## Provided entries
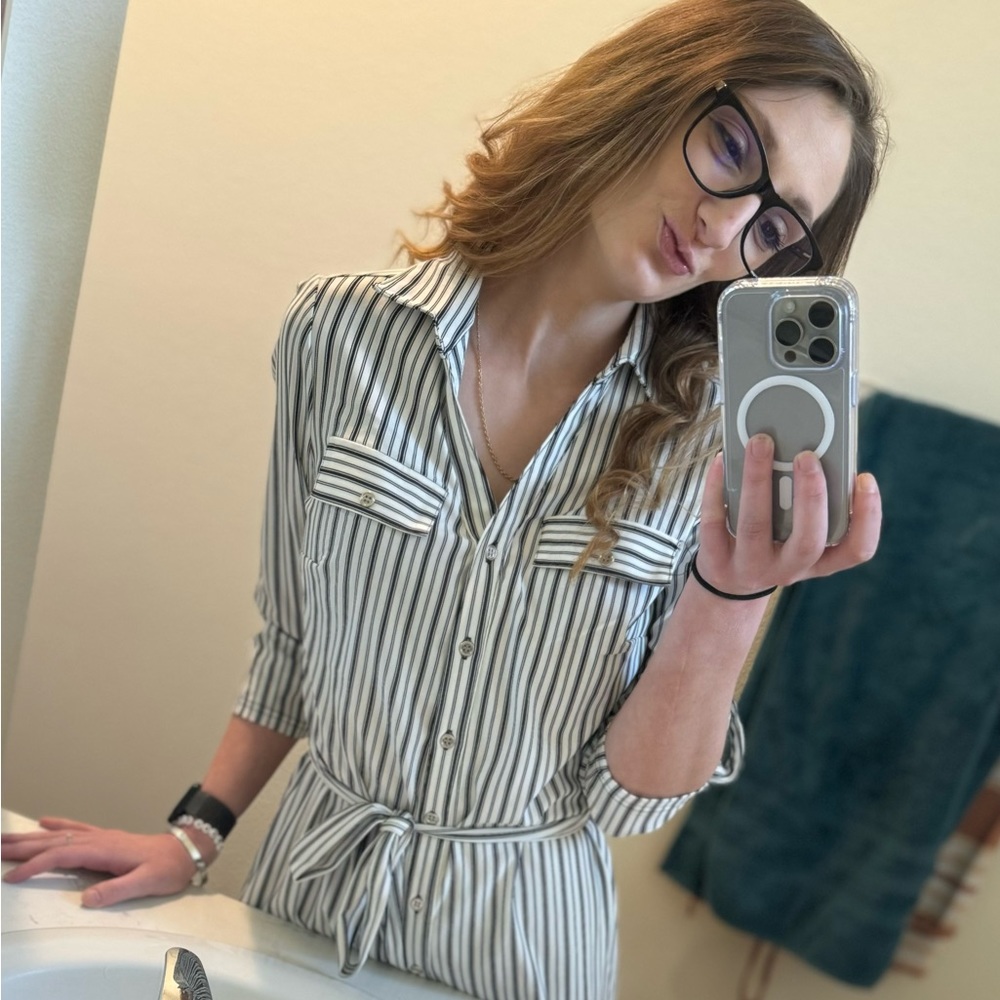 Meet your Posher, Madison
* * *
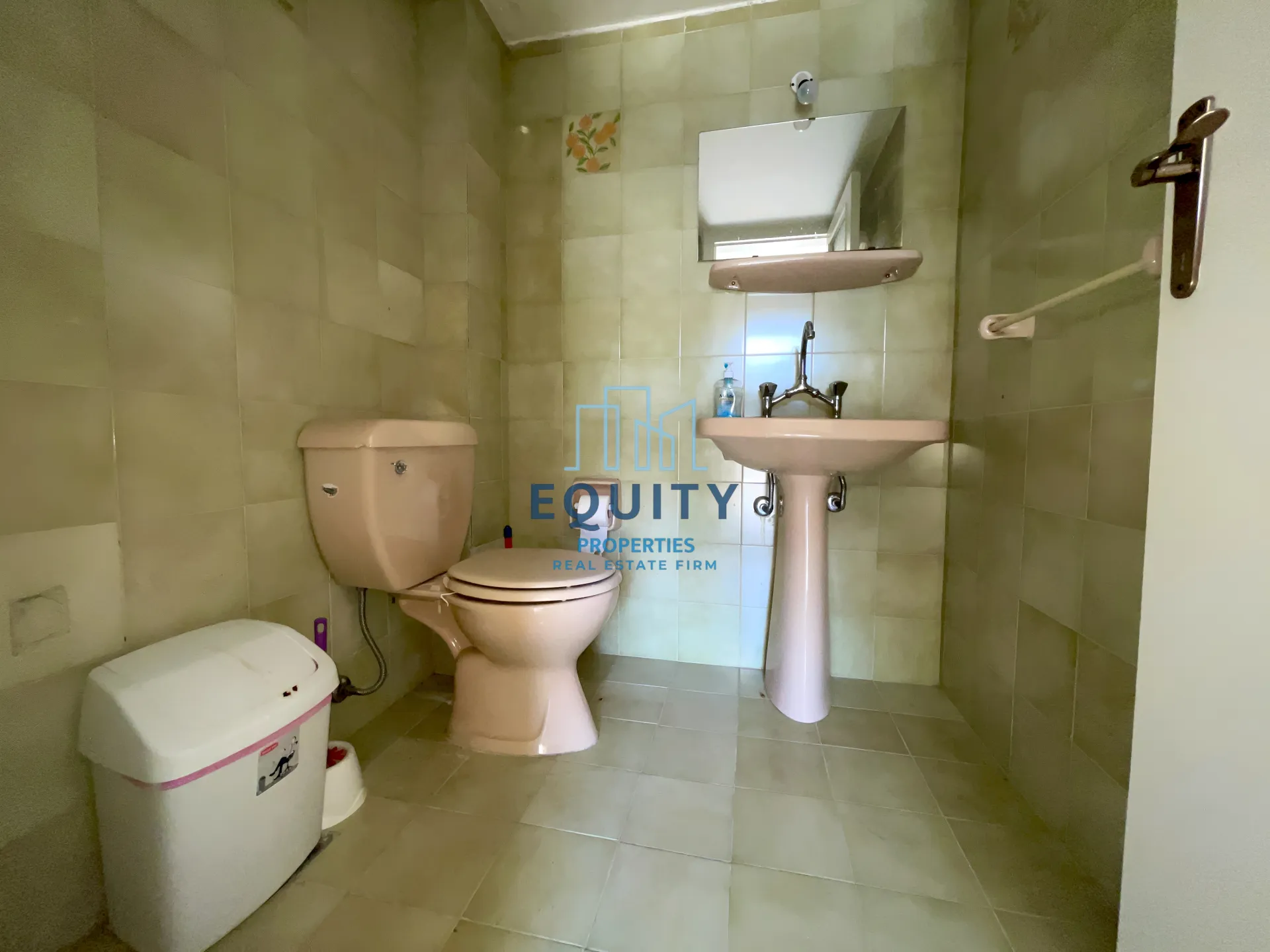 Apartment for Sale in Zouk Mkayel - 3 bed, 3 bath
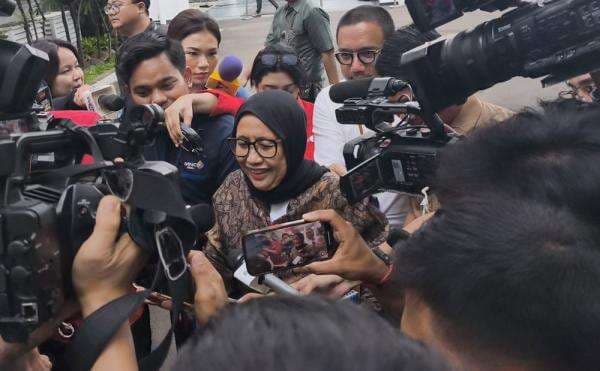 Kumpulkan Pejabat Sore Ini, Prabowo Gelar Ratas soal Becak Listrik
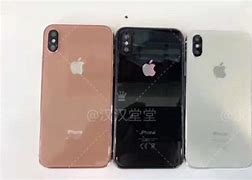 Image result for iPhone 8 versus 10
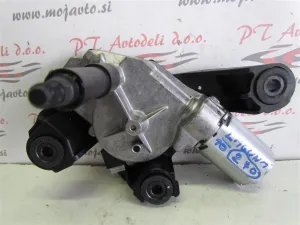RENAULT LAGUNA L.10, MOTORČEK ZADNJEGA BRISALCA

## Exercise requirements
Starting at the line above with "Kumpulkan Pejabat Sore", output every line exactly up to and including the line with "RENAULT LAGUNA L.10, MOTORČEK", but none of the pictures.

## Output for this exercise
 Kumpulkan Pejabat Sore Ini, Prabowo Gelar Ratas soal Becak Listrik
 Image result for iPhone 8 versus 10
RENAULT LAGUNA L.10, MOTORČEK ZADNJEGA BRISALCA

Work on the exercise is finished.